Directions for this task:
Print, please, exactly the lines from the one with "T605AA100X100 Alfagomma" through the final line of the data below, with both ends included and the pictures left out.
════════
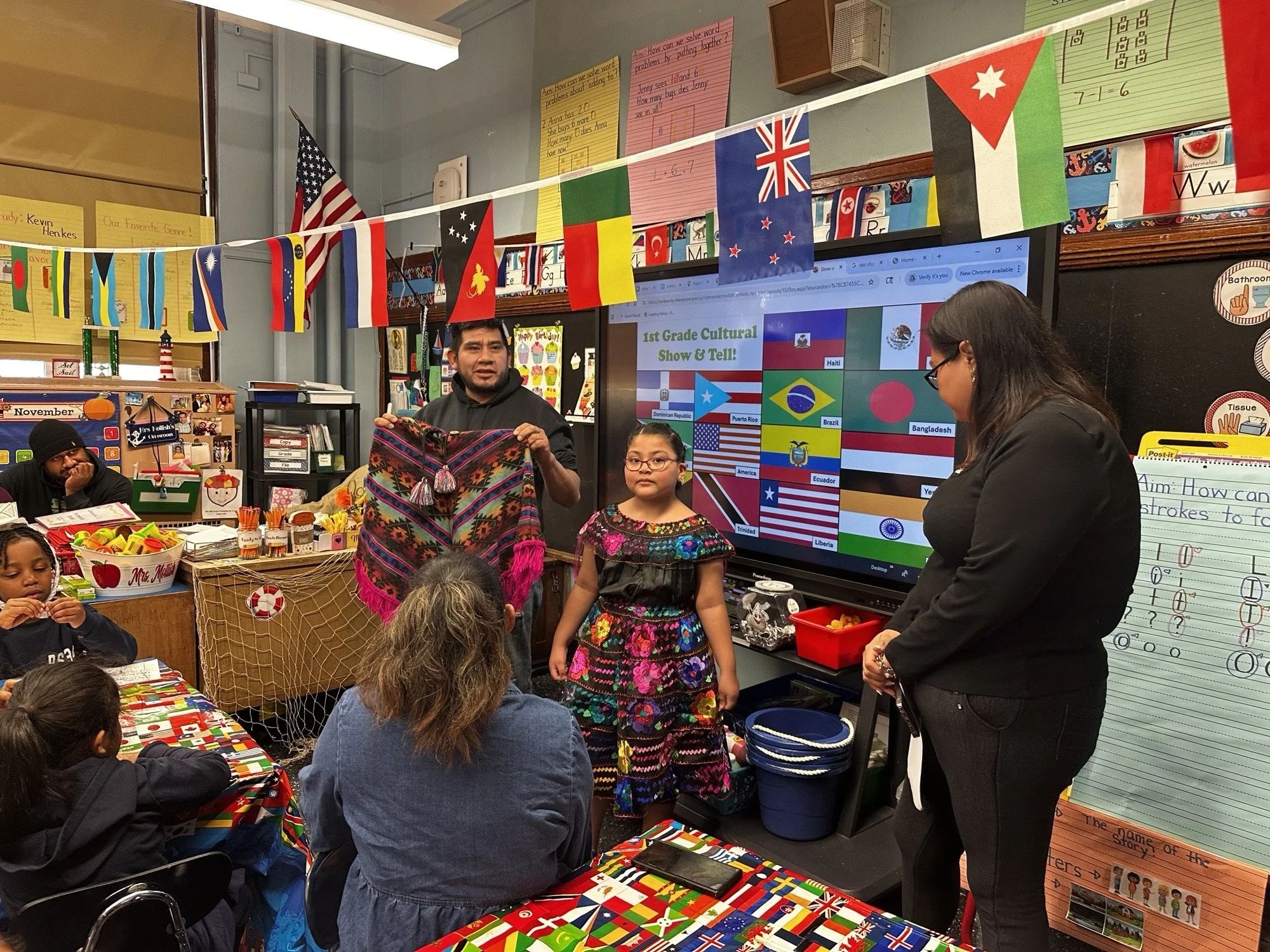 First Grade Cultural Show Event 11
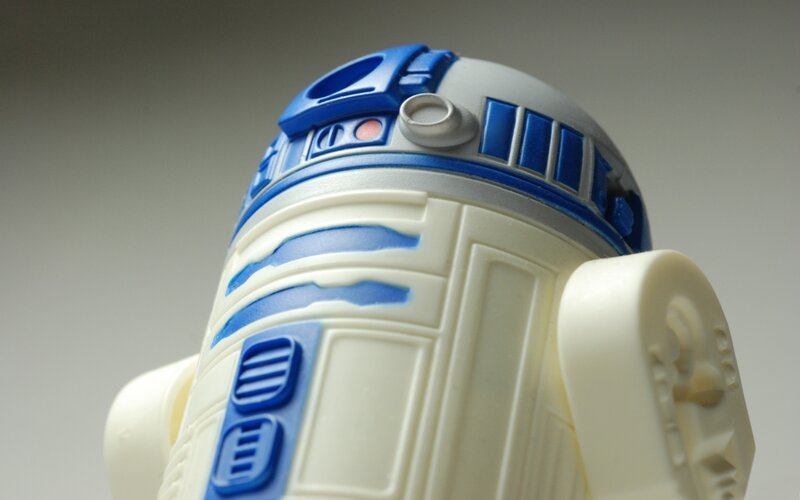 R2-D2 Droid Head — White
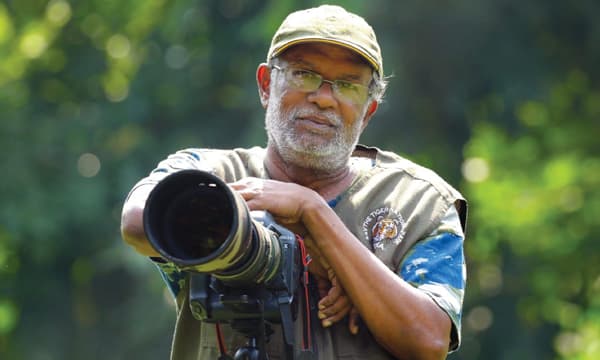 വനയാത്രകളുടെ  സഹയാത്രികന്‍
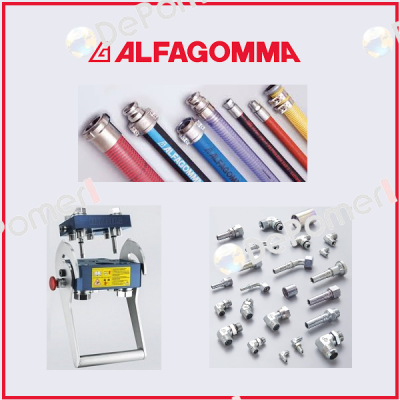 T605AA100X100 Alfagomma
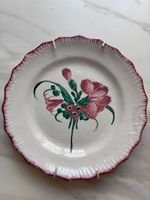 Assiette. Faïence française c. 1780-1850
════════
Finished exercise:
 T605AA100X100 Alfagomma
 Assiette. Faïence française c. 1780-1850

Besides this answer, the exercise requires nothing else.